Then, we used the Mfmask layer to mask out all the nonvalid data (clouds and cloud shadows) to calculate various feature index imagery. To minimize the influence of clouds and cloud shadows, the feature index imagery that masked out nonvalid data between 1986 and 2017 was combined using the MVC method at two-year intervals. The biennial filled images of various feature indices were finally obtained in the growth season (1 March and 30 October).

To reduce redundant index information and improve the discrimination of indices for landscape characteristics, samples of typical landscapes were selected from 12 index images, and the capacity of these 12 indices was comparatively analyzed using these samples (Figure 5).
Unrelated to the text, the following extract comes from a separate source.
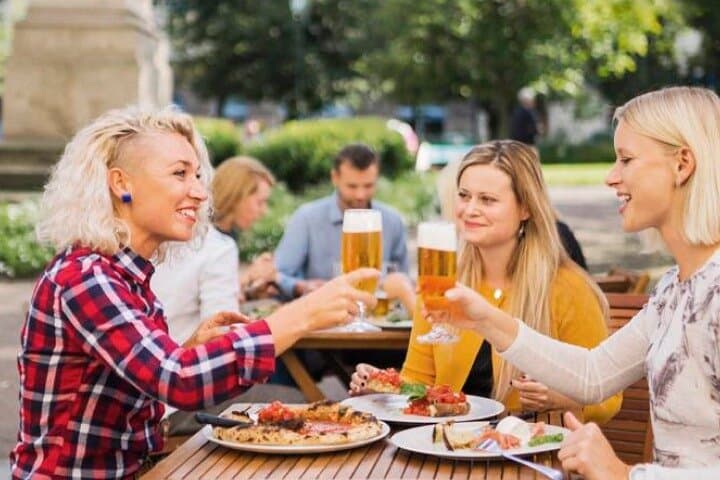 Self-Guided Pilsen Audio Walk: Synagogue, Cathedral Tower & Pilsner Tasting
In the vegetation index category (RVI, NDVI, WI, and SVVI), vegetation features are enhanced in both the NDVI and RVI images, and alpine meadow and bare land have similar values in these two indices. The WI and SVVI indices can distinguish alpine meadows from bare land, and both indices are differentiated for different landscape types. Two water indices can enhance water information, while others are suppressed. Compared to the NDMI images, the water bodies in the MNDWI images have higher values than the other types. In the NDMI, various landscape types can be distinguished from each other due to different surface humidities. In the MNDWI, water bodies are maximally delineated from other classes. The EBBI, NDBI, and UI are better able to distinguish between built-up land and bare land, especially the EBBI. However, built-up land is confused with alpine meadows because they have similar values in the EBBI and NDBI. All bare land indices (NBLI, NDBAI, and NDSI) are able to enhance the bare land features. However, the NBLI enhances built-up land more than bare land, and the other landscape types are too close together in this index to be separated from each other. In the NDBAI and NDSI, landscape types overlap each other and cannot be separated except for water bodies and bare land.

Overall, water bodies are farthest from the rest of the landscape in the MNDWI, and bare land is farthest from the rest of the landscape in the EBBI. Due to the close proximity or even overlap of landscape response values to the NDBI, UI, NBLI, NDBAI, and NDSI, landscape types probably mix with each other in these indices and are not easily distinguished. Although bare land and alpine meadow can be confused in terms of the RVI and NDVI, they can be effectively distinguished by the WI and SVVI. The enhancement effect of the NDMI on water bodies is not as good as that of the MNDWI, but the NDMI has different response values for different landscape types due to moisture differences between landscapes. Finally, we selected seven feature indices for landscape classification: RVI, NDVI, WI, SVVI, MNDWI, NDMI, and EBBI.

2.3.4. Masking Out of Water Bodies and Selection of Stable Samples

In the MNDWI, the distance between the water body and the remaining landscapes becomes far enough to be easily separated from all others using the MNDWI. Based on the MNDWI, water bodies can be effectively separated from other landscapes (Figure 5), and the accuracy of water body extraction can reach more than 95% [31]. Thus, water bodies were extracted using a threshold value (0.6), and the mask of the water bodies was generated for each period. Then, the water bodies were masked out in the MVC of the RVI, NDVI WI, SVVI, NDMI, and EBBI images. These six feature indices and the DEM data (masked out water body area) were stacked together for each period.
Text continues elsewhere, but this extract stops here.